> **Exercise**: With the pictures removed, write out the data below exactly.

———

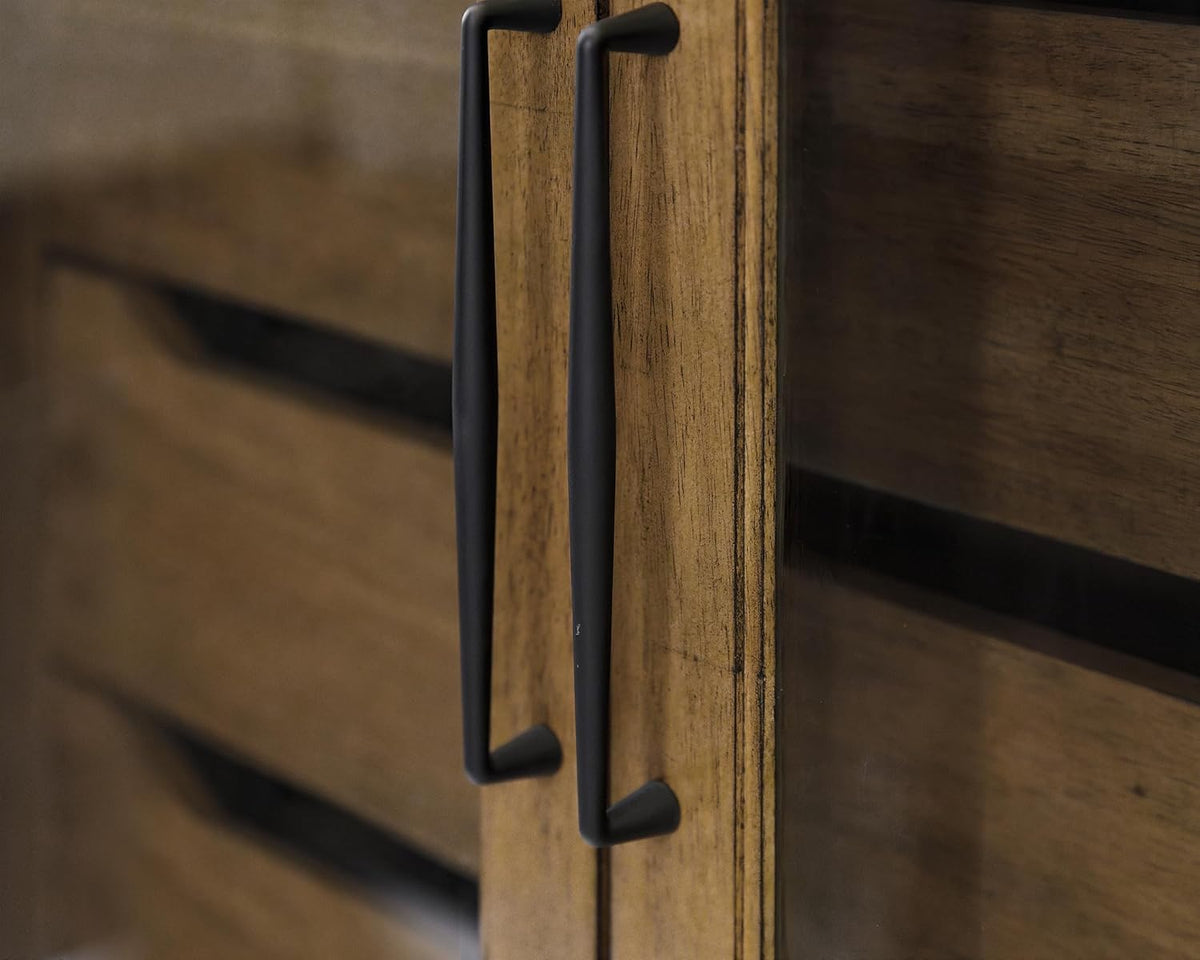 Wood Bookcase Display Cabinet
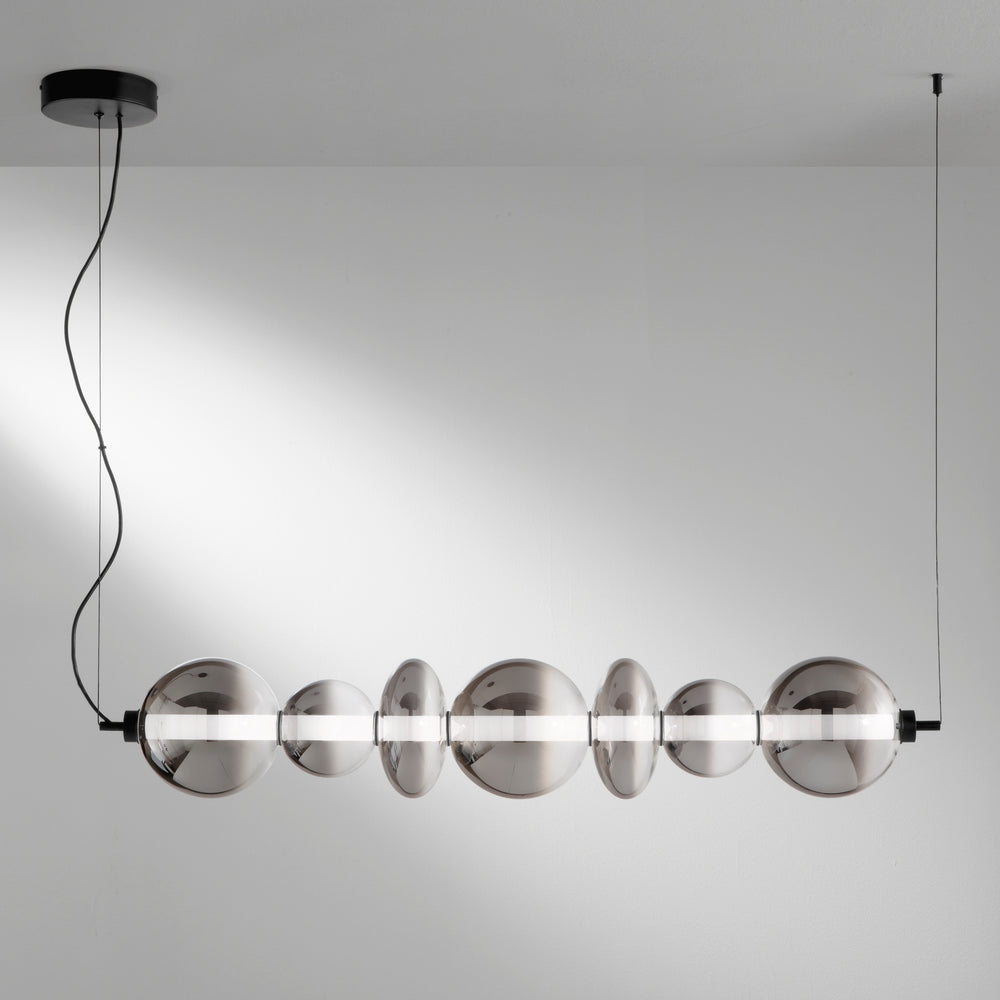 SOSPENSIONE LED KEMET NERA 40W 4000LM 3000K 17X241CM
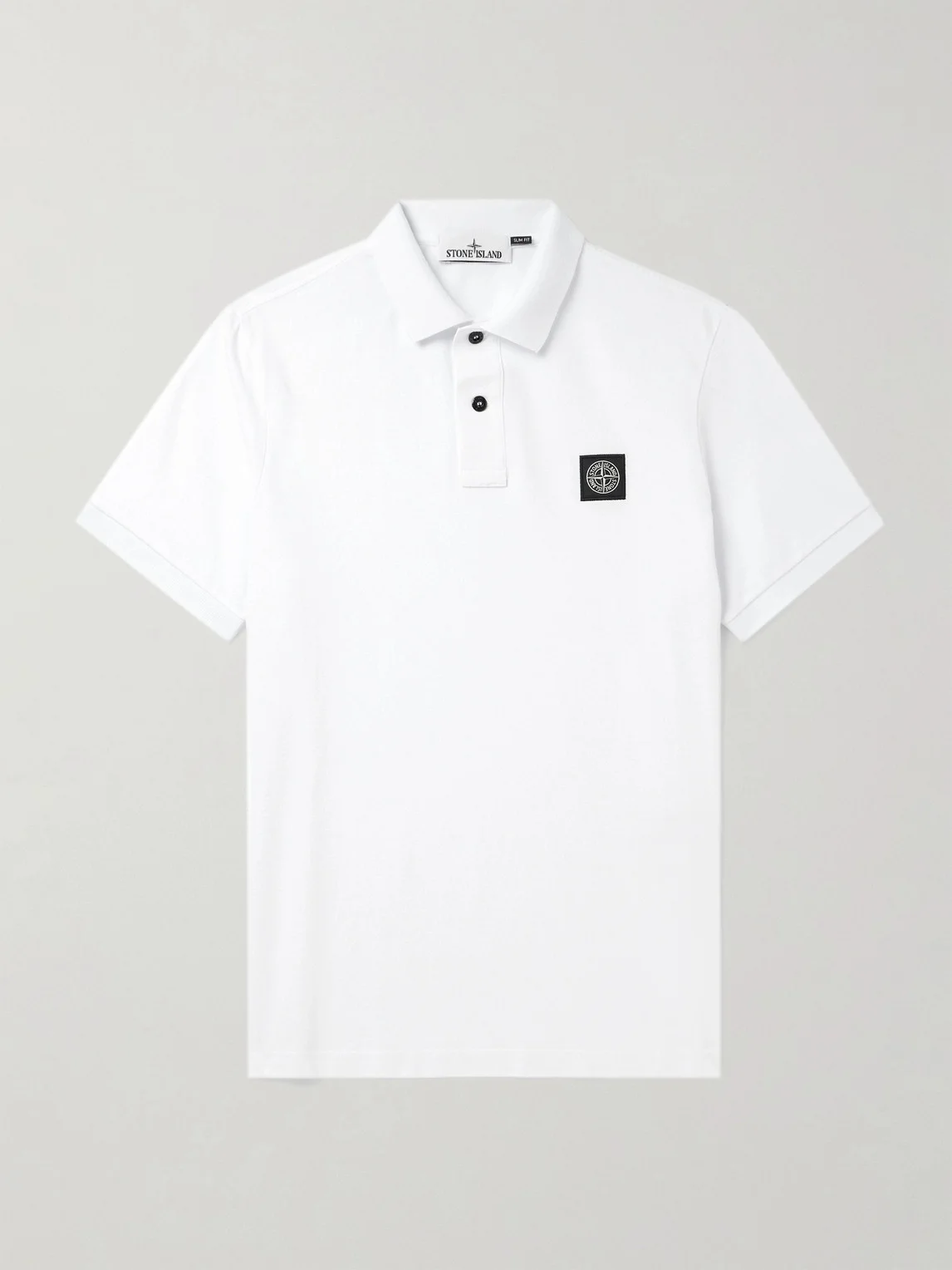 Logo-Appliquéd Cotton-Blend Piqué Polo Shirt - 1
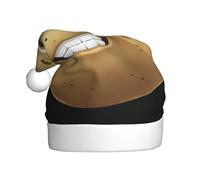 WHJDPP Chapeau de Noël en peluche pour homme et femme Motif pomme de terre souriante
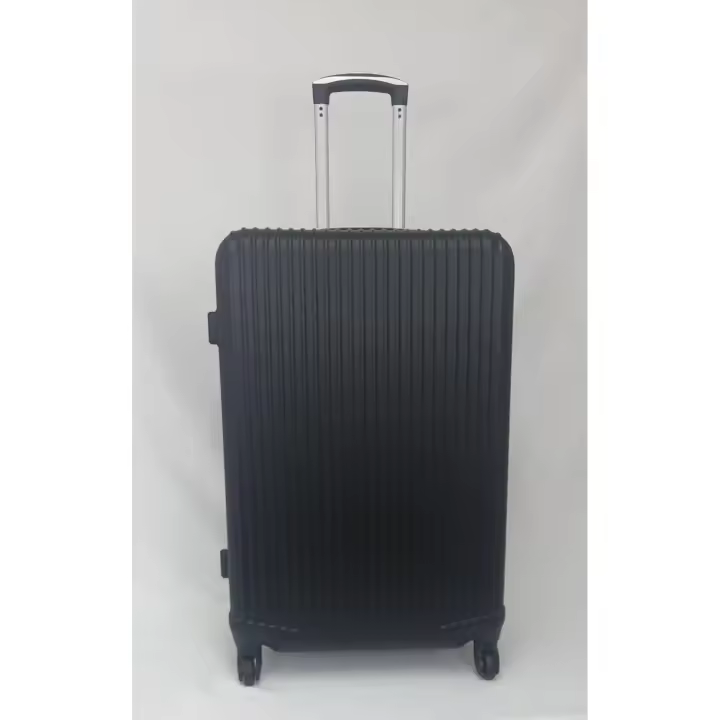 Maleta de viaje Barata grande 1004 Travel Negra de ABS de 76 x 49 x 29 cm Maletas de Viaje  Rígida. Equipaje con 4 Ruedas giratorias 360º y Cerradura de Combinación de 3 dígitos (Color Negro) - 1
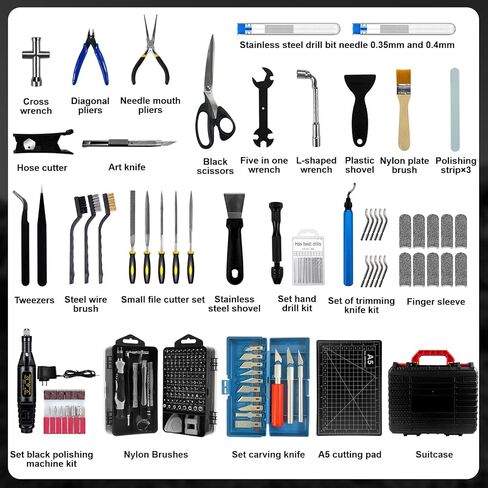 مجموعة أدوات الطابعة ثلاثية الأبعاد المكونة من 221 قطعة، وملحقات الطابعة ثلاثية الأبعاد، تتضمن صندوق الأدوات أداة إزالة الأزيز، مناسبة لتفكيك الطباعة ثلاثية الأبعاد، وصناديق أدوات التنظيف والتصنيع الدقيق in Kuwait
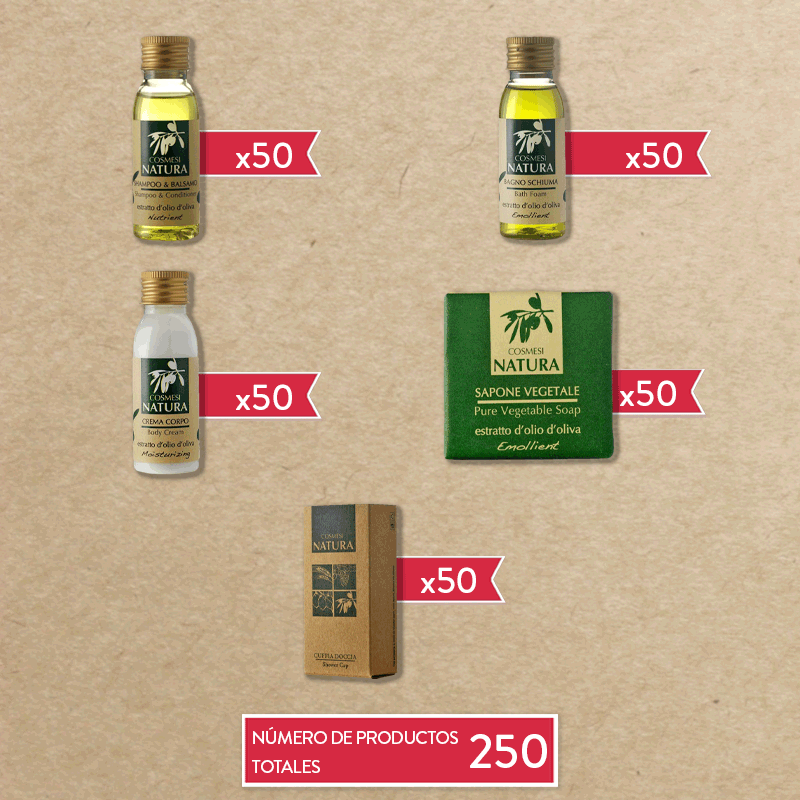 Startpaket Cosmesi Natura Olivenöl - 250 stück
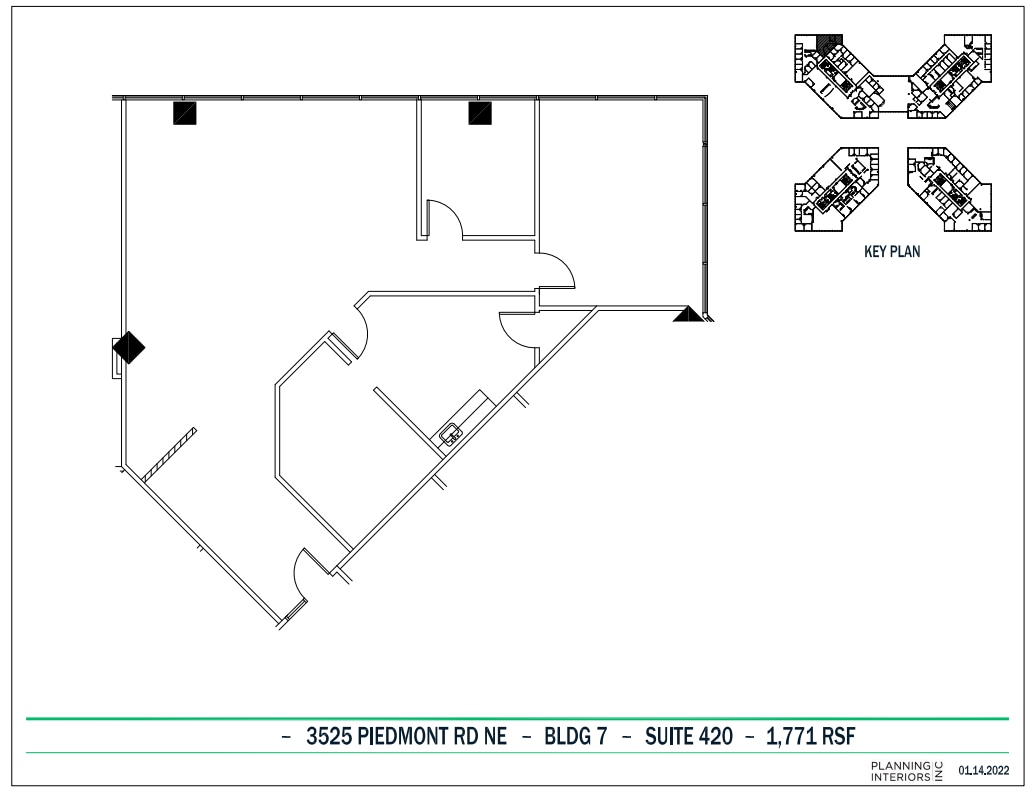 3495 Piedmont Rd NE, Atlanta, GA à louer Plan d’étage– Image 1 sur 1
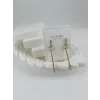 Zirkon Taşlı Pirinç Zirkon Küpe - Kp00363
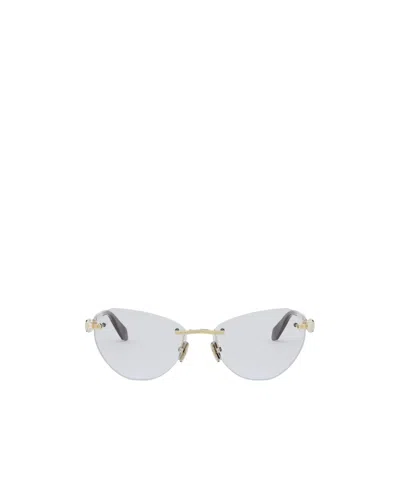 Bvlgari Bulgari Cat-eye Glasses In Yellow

———

> **Answer section**:
 Wood Bookcase Display Cabinet
 SOSPENSIONE LED KEMET NERA 40W 4000LM 3000K 17X241CM
 Logo-Appliquéd Cotton-Blend Piqué Polo Shirt - 1
 WHJDPP Chapeau de Noël en peluche pour homme et femme Motif pomme de terre souriante
 Maleta de viaje Barata grande 1004 Travel Negra de ABS de 76 x 49 x 29 cm Maletas de Viaje  Rígida. Equipaje con 4 Ruedas giratorias 360º y Cerradura de Combinación de 3 dígitos (Color Negro) - 1
 مجموعة أدوات الطابعة ثلاثية الأبعاد المكونة من 221 قطعة، وملحقات الطابعة ثلاثية الأبعاد، تتضمن صندوق الأدوات أداة إزالة الأزيز، مناسبة لتفكيك الطباعة ثلاثية الأبعاد، وصناديق أدوات التنظيف والتصنيع الدقيق in Kuwait
 Startpaket Cosmesi Natura Olivenöl - 250 stück
 3495 Piedmont Rd NE, Atlanta, GA à louer Plan d’étage– Image 1 sur 1
 Zirkon Taşlı Pirinç Zirkon Küpe - Kp00363
 Bvlgari Bulgari Cat-eye Glasses In Yellow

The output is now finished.